McCall's M6953 - The dress pattern
McCall's M7315  - The base to make the bolero


The only real changes I made to the pattern were to make the bodice an inch longer and make the skirt a bit fuller.   Other than that, the pattern is pretty much exactly the same.   I'm glad I made the bodice longer - it's a bit short and I could have probably gotten away with an inch and a half.   I wanted a full skirt because I have a lovely black petticoat to go with the dress. 

The dress is made out of silk I got from Fabric Mart a few months ago.   It was on sale for $9.99 a yard.   It was sold as dupioni, I think, but it's really more of a shantung.   The bodice is lined in striped white cotton and interlined in duck.  I didn't bother reading the directions - the pattern pieces are all pretty basic- so I don't know if the pattern calls for an interlining or not.  However, if you do make this pattern, having the interlining in a heavier material helps a lot.  The only notion I used for the dress was a 22" long black invisible zipper.


I wanted black velvet but the cotton velor was on sale so...cotton velor it is!  I used the dress pattern M7315 as a base because I loved the side dart and I am terrible at drafting side darts.  However, the pattern proved to be nothing but trouble.  I knew something was wrong when I looked at the sleeve.  The sleeve pattern for M7315 for a size 12 (I went up from my normal size because jacket) is only 14" across at it's widest point.  That's including the seam allowance.   Ummm.....

Yeah.  No.   My bicep is about 17" snuggly.  The shoulder (ie, going around the armpit and over the shoulder) is 19"~.  There was no way the sleeve would fit.  Still, I was curious if they meant this to be an off the shoulder number or something else was going on. 

The first mock up looked abysmal.  I couldn't fit it past the "end of the t-shirt sleeve" length on my arms.  I took the sleeve off figuring something like that would happen and marked the mock up with a new armsyce (it was a good inch and a half off).   The mock up already had the curved front and the solid back that should have worked.   It did but it was just a bit too short.
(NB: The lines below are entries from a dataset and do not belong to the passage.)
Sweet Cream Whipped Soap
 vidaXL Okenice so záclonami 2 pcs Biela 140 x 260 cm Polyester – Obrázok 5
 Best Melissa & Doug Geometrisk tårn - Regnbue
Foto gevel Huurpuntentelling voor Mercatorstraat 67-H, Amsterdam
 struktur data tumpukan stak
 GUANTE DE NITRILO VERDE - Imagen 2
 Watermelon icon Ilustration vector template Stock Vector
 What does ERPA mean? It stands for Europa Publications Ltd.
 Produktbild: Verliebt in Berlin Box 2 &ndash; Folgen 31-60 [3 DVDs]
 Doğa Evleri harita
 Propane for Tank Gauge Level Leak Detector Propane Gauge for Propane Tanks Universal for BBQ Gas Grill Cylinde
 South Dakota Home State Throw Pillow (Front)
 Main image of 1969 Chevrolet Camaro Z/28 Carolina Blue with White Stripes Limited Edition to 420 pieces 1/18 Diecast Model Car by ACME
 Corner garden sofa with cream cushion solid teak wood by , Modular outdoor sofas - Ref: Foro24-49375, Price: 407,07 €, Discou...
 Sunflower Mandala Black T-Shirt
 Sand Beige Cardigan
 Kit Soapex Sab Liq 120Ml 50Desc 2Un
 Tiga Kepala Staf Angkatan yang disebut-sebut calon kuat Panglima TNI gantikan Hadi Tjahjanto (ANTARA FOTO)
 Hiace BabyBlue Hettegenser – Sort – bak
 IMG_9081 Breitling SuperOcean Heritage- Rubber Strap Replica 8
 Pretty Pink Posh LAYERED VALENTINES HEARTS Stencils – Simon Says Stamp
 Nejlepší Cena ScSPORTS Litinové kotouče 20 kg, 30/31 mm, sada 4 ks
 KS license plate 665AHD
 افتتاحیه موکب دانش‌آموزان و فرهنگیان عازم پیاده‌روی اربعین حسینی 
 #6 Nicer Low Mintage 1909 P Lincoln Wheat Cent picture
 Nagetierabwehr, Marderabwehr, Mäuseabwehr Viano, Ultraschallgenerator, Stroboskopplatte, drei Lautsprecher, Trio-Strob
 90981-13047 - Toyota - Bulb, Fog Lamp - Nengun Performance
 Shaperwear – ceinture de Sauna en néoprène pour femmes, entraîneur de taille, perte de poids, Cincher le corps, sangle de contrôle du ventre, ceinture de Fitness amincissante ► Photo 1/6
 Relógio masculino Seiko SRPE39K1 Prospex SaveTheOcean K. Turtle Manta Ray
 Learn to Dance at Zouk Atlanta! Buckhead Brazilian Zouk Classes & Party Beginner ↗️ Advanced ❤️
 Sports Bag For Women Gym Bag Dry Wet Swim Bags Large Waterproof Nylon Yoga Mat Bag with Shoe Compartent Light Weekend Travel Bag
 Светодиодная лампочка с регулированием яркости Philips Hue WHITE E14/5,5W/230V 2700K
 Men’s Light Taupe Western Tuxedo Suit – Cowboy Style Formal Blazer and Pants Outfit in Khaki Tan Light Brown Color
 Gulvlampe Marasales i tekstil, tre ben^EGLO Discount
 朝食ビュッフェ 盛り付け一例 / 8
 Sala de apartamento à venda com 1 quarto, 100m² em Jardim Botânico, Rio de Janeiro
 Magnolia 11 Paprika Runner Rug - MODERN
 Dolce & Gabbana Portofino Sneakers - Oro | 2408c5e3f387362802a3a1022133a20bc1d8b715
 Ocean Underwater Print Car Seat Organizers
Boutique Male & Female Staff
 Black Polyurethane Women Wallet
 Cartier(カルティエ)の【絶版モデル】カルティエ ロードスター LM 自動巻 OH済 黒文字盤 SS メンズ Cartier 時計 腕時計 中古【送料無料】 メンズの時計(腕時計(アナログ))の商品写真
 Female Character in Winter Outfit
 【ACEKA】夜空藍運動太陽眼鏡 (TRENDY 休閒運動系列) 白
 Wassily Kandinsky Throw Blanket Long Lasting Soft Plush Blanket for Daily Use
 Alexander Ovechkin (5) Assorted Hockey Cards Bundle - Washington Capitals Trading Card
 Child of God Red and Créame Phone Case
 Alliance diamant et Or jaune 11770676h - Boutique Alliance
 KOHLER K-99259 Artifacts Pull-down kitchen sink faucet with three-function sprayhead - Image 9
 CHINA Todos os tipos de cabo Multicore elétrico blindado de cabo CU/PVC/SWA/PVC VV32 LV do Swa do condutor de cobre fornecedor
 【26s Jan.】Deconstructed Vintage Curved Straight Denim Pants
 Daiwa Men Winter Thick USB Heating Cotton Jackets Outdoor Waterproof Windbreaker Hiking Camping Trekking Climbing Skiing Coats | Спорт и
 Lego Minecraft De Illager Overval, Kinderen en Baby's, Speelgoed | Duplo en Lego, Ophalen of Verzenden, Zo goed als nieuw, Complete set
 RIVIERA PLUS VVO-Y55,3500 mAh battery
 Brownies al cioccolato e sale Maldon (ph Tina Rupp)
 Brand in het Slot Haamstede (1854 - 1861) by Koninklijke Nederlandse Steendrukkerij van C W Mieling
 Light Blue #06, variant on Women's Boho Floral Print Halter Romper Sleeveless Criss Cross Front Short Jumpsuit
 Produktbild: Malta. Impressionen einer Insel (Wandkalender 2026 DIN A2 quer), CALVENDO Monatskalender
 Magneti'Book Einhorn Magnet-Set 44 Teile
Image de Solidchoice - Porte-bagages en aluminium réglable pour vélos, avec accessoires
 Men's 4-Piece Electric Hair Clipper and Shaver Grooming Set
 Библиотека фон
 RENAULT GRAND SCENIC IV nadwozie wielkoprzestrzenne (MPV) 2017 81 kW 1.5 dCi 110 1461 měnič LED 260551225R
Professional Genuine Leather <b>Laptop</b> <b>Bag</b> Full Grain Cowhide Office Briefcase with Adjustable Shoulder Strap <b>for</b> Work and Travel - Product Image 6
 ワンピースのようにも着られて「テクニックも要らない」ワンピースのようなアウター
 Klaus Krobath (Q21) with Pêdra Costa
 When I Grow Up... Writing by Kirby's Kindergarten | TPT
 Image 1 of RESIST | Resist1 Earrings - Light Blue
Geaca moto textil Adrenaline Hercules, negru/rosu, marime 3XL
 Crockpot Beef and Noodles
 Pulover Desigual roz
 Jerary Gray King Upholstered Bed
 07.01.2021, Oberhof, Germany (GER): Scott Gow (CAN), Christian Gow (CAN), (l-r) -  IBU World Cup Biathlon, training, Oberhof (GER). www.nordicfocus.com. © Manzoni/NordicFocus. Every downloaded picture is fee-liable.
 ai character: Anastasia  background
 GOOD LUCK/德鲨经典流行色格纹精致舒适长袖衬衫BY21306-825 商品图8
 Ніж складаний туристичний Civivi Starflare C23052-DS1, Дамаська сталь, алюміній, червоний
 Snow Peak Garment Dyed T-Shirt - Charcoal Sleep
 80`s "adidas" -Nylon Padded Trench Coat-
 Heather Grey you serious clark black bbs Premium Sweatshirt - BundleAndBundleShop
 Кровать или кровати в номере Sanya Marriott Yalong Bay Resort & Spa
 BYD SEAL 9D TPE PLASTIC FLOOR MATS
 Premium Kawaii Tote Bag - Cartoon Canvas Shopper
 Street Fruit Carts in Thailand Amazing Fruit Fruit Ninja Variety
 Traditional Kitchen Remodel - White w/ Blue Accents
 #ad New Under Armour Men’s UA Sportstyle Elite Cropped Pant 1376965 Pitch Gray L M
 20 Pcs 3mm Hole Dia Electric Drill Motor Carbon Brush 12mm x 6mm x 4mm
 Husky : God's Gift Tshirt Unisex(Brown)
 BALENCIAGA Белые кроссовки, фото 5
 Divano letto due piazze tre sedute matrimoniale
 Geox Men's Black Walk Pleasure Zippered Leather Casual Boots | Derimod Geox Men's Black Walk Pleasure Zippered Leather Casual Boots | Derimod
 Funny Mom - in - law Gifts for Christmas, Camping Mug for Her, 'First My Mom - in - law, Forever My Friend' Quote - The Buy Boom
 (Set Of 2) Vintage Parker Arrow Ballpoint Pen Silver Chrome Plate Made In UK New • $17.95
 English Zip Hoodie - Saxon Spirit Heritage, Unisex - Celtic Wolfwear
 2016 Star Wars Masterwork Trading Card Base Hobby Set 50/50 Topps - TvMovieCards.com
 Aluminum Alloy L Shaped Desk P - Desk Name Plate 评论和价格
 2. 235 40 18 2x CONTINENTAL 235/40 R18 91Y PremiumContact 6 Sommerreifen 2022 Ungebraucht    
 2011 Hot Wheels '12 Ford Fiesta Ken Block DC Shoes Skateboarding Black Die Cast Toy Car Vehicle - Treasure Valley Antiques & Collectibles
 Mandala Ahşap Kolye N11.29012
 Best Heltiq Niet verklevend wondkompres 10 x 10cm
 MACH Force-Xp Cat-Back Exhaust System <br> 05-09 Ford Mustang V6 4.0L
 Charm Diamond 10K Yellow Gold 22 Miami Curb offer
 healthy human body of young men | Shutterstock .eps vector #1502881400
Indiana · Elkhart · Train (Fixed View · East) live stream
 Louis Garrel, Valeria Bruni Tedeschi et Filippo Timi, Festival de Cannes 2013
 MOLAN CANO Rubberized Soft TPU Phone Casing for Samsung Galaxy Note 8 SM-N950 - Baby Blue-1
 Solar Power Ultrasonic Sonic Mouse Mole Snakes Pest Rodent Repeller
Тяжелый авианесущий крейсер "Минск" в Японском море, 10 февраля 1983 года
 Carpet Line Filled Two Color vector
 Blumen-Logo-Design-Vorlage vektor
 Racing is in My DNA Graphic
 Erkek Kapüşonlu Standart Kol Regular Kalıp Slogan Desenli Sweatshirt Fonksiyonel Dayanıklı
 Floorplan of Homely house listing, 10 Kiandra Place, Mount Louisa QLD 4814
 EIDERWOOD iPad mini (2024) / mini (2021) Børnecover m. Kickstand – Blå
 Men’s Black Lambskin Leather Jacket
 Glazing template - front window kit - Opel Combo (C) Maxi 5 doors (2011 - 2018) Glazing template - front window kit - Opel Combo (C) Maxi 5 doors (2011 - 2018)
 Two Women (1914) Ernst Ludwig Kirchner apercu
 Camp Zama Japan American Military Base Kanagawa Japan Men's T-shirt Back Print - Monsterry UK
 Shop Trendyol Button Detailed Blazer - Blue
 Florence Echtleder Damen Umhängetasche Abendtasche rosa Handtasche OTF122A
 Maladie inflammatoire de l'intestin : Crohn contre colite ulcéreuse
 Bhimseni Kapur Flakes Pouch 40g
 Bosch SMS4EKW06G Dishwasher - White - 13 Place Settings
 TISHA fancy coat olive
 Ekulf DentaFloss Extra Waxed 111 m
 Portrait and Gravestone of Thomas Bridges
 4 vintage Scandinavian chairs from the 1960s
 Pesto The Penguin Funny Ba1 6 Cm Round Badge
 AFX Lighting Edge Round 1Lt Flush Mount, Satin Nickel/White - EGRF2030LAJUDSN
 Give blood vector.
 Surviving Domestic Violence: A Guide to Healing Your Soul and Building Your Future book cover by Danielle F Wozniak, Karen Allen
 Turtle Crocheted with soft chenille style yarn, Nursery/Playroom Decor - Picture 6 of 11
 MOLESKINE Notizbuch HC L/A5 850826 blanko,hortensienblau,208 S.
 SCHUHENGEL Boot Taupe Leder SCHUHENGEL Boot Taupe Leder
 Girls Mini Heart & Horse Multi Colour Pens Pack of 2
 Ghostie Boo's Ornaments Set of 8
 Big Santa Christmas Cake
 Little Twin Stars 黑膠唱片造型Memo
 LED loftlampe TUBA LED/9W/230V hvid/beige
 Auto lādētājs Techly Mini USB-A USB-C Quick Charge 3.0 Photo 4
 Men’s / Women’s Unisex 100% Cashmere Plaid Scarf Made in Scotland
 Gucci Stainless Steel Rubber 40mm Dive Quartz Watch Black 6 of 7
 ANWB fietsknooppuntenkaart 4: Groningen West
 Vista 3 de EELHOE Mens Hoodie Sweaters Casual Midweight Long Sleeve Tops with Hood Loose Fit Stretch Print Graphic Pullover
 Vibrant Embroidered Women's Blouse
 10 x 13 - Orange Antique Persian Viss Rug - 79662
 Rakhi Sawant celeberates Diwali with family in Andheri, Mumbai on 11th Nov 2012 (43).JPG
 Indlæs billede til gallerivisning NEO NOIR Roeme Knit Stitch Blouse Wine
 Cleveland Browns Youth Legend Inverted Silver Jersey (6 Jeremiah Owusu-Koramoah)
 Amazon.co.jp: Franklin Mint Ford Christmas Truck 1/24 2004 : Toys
Once I made all the changes, I tried a new mock up and it looked like it would work.  However, I didn't try it over the finished dress.   Turns out that the neckline of the bolero would be too tight over the dress and cause a bunch of bunching.   I ended up leaving the bolero unhooked like in the photo.

The bolero is lined in what I think is a poly blend satin lining...thing?   It was €3 a meter at the thrift store and I think it was one of the Ralph Lauren fabrics so I didn't ask too many questions.  It's lining. 

Anyway, that was the last project of 2018!   Hopefully, I'll sew a lot more in 2019 now that the sewing room is pretty much finished.